France Adopts Its First Written Constitution

A constitutional monarchy is born, and is outdated within months

On the timeline · around 3 September 1791 · A Constitutional MonarchyA Constitutional MonarchyRepublic and TerrorFrance Adopts Its First Written Constitution17911792

Quick facts

Location
Paris
Date
3 September 1791 (accepted by the king, 14 September)
Administrative units
83 departments
Franchise
Restricted to tax-paying "active" citizens, about two-thirds of adult men

What happened

The National Constituent Assembly completed France's first written constitution in September 1791, which Louis XVI accepted on 14 September.
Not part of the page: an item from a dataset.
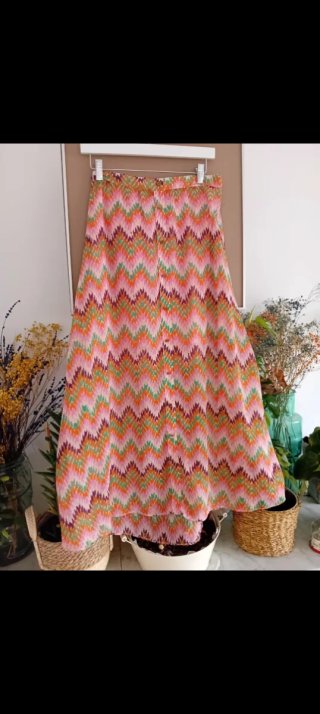 Falda larga Naf Naf verano estampado zig-zag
It kept the monarchy but placed sovereignty in an elected Legislative Assembly, with voting restricted to "active" citizens who paid a minimum level of taxes, roughly two-thirds of adult men. The constitution redrew France into 83 departments, subdivided into districts and communes, each with its own elected councils, replacing the old patchwork of provinces and overlapping jurisdictions. It also declared marriage a civil contract rather than only a religious sacrament and promised a system of free public education, incorporating the 1789 Declaration of the Rights of Man as its preamble.

Why it matters

The 1791 Constitution was the Revolution's first attempt to convert its principles into working government, but the king's flight to Varennes only months earlier had already discredited the compromise it embodied. Radicalized by war and by Louis XVI's continued resistance to the Legislative Assembly, France abandoned the constitutional monarchy within a year of its adoption.

How we know

The constitution's provisions on departments, active citizenship, and its incorporation of the Declaration of Rights are documented across standard university surveys of the period; its short lifespan, less than a year before the fall of the monarchy, is not disputed among historians.